AST-GCN: Augmented Spatial Temporal Graph Convolutional Neural Network for Gait Emotion Recognition

• Published in: IEEE transactions on circuits and systems for video technology Vol. 34; no. 6; pp. 4581 - 4595
• Main Authors: Chen, Chuang, Sun, Xiao, Tu, Zhengzheng, Wang, Meng
• Format: Journal Article
• Language: English
• Published: New York IEEE 01.06.2024; The Institute of Electrical and Electronics Engineers, Inc. (IEEE)

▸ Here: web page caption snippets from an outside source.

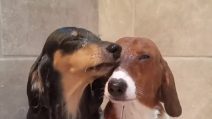 Fanno la doccia insieme, i due bassotti sono adorabili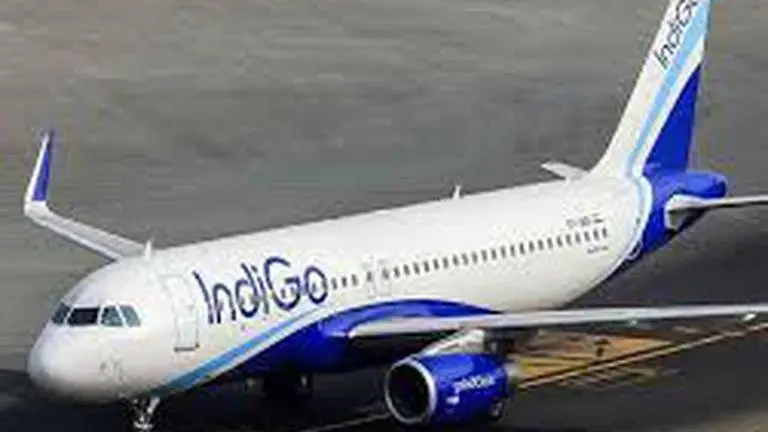 Indigo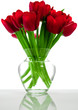 rote tulpen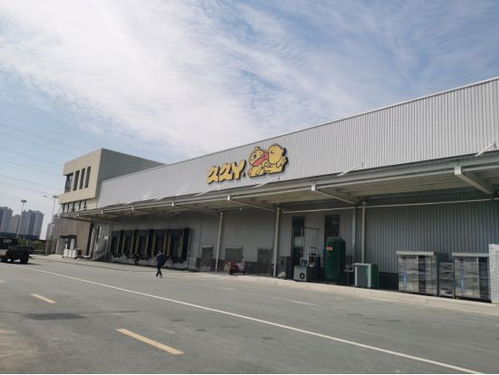 久久丫20周年 安徽、天津新工廠投產，高標準開疆擴土引領行業(yè)新篇章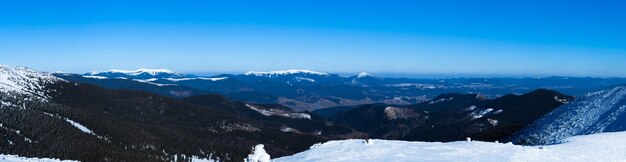 Foto bela encosta coberta de neve com pinheiros cobertos de neve contra o céu azul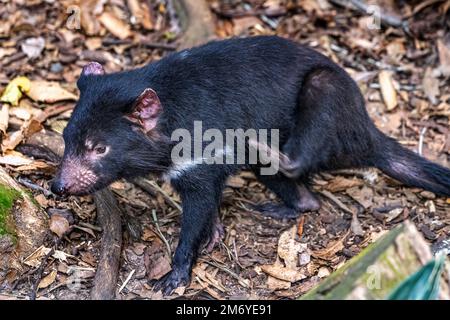 Diavolo della Tasmania (Sarcophilus harrisii) graffiare con la gamba posteriore. Foto Stock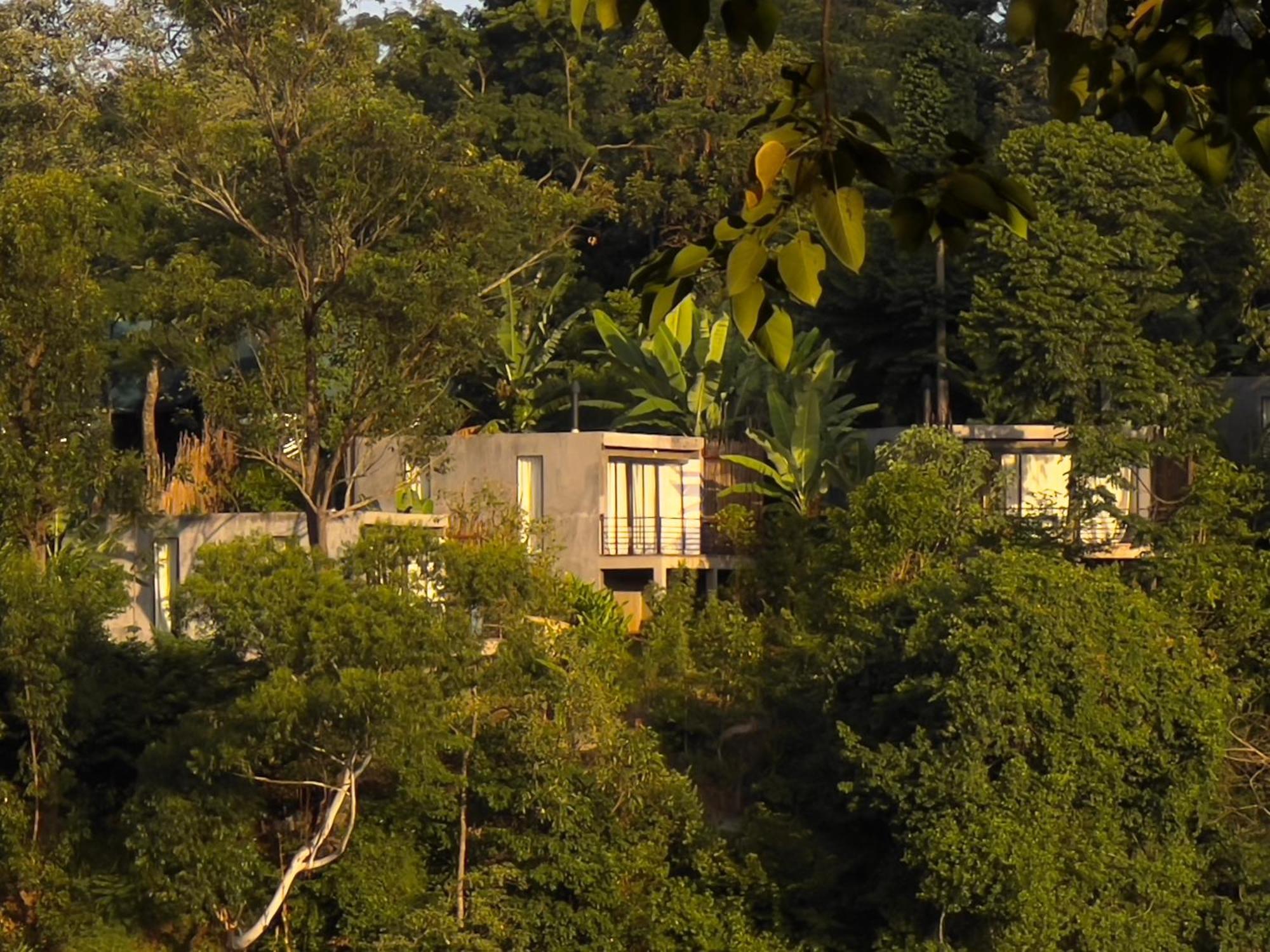 Kaliwa Lodge モシ エクステリア 写真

• Subjects: affective computing; Artificial neural networks; Convolutional neural networks; Datasets; Emotion recognition; Emotions; Feature extraction; Gait emotion recognition; graph convolutional; Graph neural networks; Joints; Legged locomotion; Machine learning; Neural networks; Pedestrians; Support vector machines; Three-dimensional displays; Walking
• ISSN: 1051-8215; 1558-2205
• DOI: 10.1109/TCSVT.2023.3341728

Skeleton-based methods have recently achieved good performance in deep learning-based gait emotion recognition (DL-GER). However, the current methods have two drawbacks that limit the ability to learn discriminative emotional features from gait. First, these methods do not exclude the effect of the subject's walking orientation on emotion classification. Second, they do not sufficiently learn the implicit connections between the joints during human walking. In this paper, an augmented spatial-temporal graph convolutional neural network (AST-GCN) is introduced to solve these two problems. The interframe shift encoding (ISE) module acquires interframe shifts of joints to make the network sensitive to changes in emotion-related joint movements regardless of the subject's walking orientation. A multichannel implicit connection inference method learns more implicit connection relations related to emotions. Notably, we unify current skeleton-based methods into a common framework that validates the most powerful feature representation capability of our AST-GCN from a theoretical perspective. In addition, we extend the skeleton-based gait dataset using posture estimation software. Experiments demonstrate that our AST-GCN outperforms state-of-the-art methods on three datasets on two tasks.